What to do:
All lines of the data shown below should be output exactly as they stand.

Extracted records:
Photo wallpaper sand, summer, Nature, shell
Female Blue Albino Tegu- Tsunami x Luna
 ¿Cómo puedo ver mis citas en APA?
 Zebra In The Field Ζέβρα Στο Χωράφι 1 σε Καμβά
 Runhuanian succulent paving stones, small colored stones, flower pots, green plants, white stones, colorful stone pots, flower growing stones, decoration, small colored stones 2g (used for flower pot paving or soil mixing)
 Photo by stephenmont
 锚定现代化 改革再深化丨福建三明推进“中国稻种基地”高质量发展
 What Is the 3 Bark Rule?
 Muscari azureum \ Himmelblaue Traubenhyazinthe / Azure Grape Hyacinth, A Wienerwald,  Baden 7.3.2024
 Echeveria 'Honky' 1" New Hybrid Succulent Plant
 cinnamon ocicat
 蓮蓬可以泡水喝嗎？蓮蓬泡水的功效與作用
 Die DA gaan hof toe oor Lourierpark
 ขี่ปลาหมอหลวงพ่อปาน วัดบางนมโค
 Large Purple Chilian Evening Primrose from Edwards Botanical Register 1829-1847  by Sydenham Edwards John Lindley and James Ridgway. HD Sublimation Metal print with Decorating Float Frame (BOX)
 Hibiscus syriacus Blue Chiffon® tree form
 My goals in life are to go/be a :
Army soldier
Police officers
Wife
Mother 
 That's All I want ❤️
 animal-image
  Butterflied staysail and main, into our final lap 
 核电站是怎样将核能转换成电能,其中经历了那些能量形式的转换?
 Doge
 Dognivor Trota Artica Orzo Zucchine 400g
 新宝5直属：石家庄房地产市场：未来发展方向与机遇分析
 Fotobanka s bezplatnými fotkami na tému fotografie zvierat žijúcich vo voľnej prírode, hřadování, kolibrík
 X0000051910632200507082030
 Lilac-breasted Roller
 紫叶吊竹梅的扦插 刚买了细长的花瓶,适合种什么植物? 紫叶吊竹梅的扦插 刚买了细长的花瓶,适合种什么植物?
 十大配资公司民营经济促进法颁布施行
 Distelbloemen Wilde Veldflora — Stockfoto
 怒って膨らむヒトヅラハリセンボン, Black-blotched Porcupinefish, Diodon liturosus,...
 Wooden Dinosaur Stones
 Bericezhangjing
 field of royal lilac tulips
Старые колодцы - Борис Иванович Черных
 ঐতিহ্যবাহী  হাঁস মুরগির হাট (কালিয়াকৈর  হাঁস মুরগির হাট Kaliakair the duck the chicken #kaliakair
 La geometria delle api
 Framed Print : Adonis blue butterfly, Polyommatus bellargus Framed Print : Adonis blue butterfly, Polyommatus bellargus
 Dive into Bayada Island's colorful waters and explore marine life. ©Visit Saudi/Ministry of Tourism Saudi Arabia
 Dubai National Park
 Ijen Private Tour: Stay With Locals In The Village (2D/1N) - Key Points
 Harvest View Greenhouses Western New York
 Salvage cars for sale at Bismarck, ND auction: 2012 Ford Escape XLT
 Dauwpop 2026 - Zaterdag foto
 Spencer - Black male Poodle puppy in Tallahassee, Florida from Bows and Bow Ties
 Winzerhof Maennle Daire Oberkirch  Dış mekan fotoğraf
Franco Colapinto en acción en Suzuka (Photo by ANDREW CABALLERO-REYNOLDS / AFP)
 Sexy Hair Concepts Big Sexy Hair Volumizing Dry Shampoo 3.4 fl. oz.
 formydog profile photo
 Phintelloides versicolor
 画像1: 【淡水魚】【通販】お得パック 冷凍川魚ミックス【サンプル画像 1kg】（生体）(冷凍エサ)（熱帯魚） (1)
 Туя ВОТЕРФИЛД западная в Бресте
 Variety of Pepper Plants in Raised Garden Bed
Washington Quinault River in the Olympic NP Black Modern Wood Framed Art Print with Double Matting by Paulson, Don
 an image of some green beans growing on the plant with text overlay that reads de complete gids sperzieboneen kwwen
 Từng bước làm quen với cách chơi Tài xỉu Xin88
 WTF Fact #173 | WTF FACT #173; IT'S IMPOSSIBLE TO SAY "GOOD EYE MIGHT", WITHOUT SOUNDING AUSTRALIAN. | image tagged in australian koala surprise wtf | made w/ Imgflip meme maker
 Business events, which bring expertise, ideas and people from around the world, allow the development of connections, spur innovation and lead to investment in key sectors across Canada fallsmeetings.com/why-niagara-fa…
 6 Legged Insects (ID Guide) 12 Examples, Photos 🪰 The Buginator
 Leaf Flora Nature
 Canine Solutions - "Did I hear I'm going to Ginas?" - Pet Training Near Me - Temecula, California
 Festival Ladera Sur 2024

Written answer:
Photo wallpaper sand, summer, Nature, shell
Female Blue Albino Tegu- Tsunami x Luna
 ¿Cómo puedo ver mis citas en APA?
 Zebra In The Field Ζέβρα Στο Χωράφι 1 σε Καμβά
 Runhuanian succulent paving stones, small colored stones, flower pots, green plants, white stones, colorful stone pots, flower growing stones, decoration, small colored stones 2g (used for flower pot paving or soil mixing)
 Photo by stephenmont
 锚定现代化 改革再深化丨福建三明推进“中国稻种基地”高质量发展
 What Is the 3 Bark Rule?
 Muscari azureum \ Himmelblaue Traubenhyazinthe / Azure Grape Hyacinth, A Wienerwald,  Baden 7.3.2024
 Echeveria 'Honky' 1" New Hybrid Succulent Plant
 cinnamon ocicat
 蓮蓬可以泡水喝嗎？蓮蓬泡水的功效與作用
 Die DA gaan hof toe oor Lourierpark
 ขี่ปลาหมอหลวงพ่อปาน วัดบางนมโค
 Large Purple Chilian Evening Primrose from Edwards Botanical Register 1829-1847  by Sydenham Edwards John Lindley and James Ridgway. HD Sublimation Metal print with Decorating Float Frame (BOX)
 Hibiscus syriacus Blue Chiffon® tree form
 My goals in life are to go/be a :
Army soldier
Police officers
Wife
Mother 
 That's All I want ❤️
 animal-image
  Butterflied staysail and main, into our final lap 
 核电站是怎样将核能转换成电能,其中经历了那些能量形式的转换?
 Doge
 Dognivor Trota Artica Orzo Zucchine 400g
 新宝5直属：石家庄房地产市场：未来发展方向与机遇分析
 Fotobanka s bezplatnými fotkami na tému fotografie zvierat žijúcich vo voľnej prírode, hřadování, kolibrík
 X0000051910632200507082030
 Lilac-breasted Roller
 紫叶吊竹梅的扦插 刚买了细长的花瓶,适合种什么植物? 紫叶吊竹梅的扦插 刚买了细长的花瓶,适合种什么植物?
 十大配资公司民营经济促进法颁布施行
 Distelbloemen Wilde Veldflora — Stockfoto
 怒って膨らむヒトヅラハリセンボン, Black-blotched Porcupinefish, Diodon liturosus,...
 Wooden Dinosaur Stones
 Bericezhangjing
 field of royal lilac tulips
Старые колодцы - Борис Иванович Черных
 ঐতিহ্যবাহী  হাঁস মুরগির হাট (কালিয়াকৈর  হাঁস মুরগির হাট Kaliakair the duck the chicken #kaliakair
 La geometria delle api
 Framed Print : Adonis blue butterfly, Polyommatus bellargus Framed Print : Adonis blue butterfly, Polyommatus bellargus
 Dive into Bayada Island's colorful waters and explore marine life. ©Visit Saudi/Ministry of Tourism Saudi Arabia
 Dubai National Park
 Ijen Private Tour: Stay With Locals In The Village (2D/1N) - Key Points
 Harvest View Greenhouses Western New York
 Salvage cars for sale at Bismarck, ND auction: 2012 Ford Escape XLT
 Dauwpop 2026 - Zaterdag foto
 Spencer - Black male Poodle puppy in Tallahassee, Florida from Bows and Bow Ties
 Winzerhof Maennle Daire Oberkirch  Dış mekan fotoğraf
Franco Colapinto en acción en Suzuka (Photo by ANDREW CABALLERO-REYNOLDS / AFP)
 Sexy Hair Concepts Big Sexy Hair Volumizing Dry Shampoo 3.4 fl. oz.
 formydog profile photo
 Phintelloides versicolor
 画像1: 【淡水魚】【通販】お得パック 冷凍川魚ミックス【サンプル画像 1kg】（生体）(冷凍エサ)（熱帯魚） (1)
 Туя ВОТЕРФИЛД западная в Бресте
 Variety of Pepper Plants in Raised Garden Bed
Washington Quinault River in the Olympic NP Black Modern Wood Framed Art Print with Double Matting by Paulson, Don
 an image of some green beans growing on the plant with text overlay that reads de complete gids sperzieboneen kwwen
 Từng bước làm quen với cách chơi Tài xỉu Xin88
 WTF Fact #173 | WTF FACT #173; IT'S IMPOSSIBLE TO SAY "GOOD EYE MIGHT", WITHOUT SOUNDING AUSTRALIAN. | image tagged in australian koala surprise wtf | made w/ Imgflip meme maker
 Business events, which bring expertise, ideas and people from around the world, allow the development of connections, spur innovation and lead to investment in key sectors across Canada fallsmeetings.com/why-niagara-fa…
 6 Legged Insects (ID Guide) 12 Examples, Photos 🪰 The Buginator
 Leaf Flora Nature
 Canine Solutions - "Did I hear I'm going to Ginas?" - Pet Training Near Me - Temecula, California
 Festival Ladera Sur 2024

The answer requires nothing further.